Le site TorrentFreak rapporte que le membre très actif du site suédois vient d'être condamné à 4,3 millions de couronnes suédoises de dommages et intérêts, une somme qui ne concerne que le piratage de l'un des films de la longue liste qui le concerne. Si le film en question n'est pas cité, il s'agirait en réalité du tarif que le studio détenant les droits aurait appliqué pour proposer une licence de diffusion de l'oeuvre.
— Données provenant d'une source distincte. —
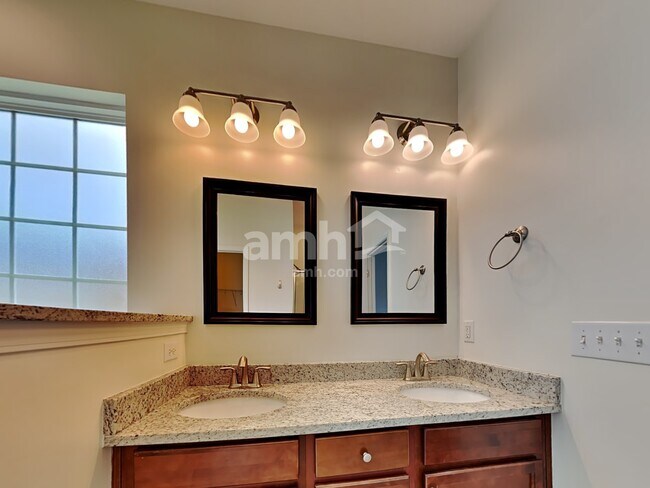 Building Photo - 9684 Spencer Woods Rd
Pour les 517 autres programmes présents sur la liste, le pirate a écopé de 160 heures de travail d'intérêt général - les avocats des ayants-droit avaient requis au moins un an de prison.

Selon l'avocat suédois Henrik Pontén, il s'agit de la plus grande somme jamais versée dans le pays pour dédommager le piratage d'un seul film, suédois de surcroît. Au Etats-Unis, il est notamment impossible de dépasser les 150 000 dollars de dommages et intérêts pour un seul film, rappelle de son côté le Parti Pirate suédois. « Recevoir une sanction aussi sévère pour un comportement qui est celui de millions de Suédois montre à quel point la législation exagère. La seule façon d'avancer serait une réforme radicale du droit d'auteur, permettant le partage culturel » estime un porte-parole. Néanmoins, pour Henrik Pontén, la tendance ne va pas dans cette direction et les condamnations lourdes pourraient devenir monnaie courante en Suède.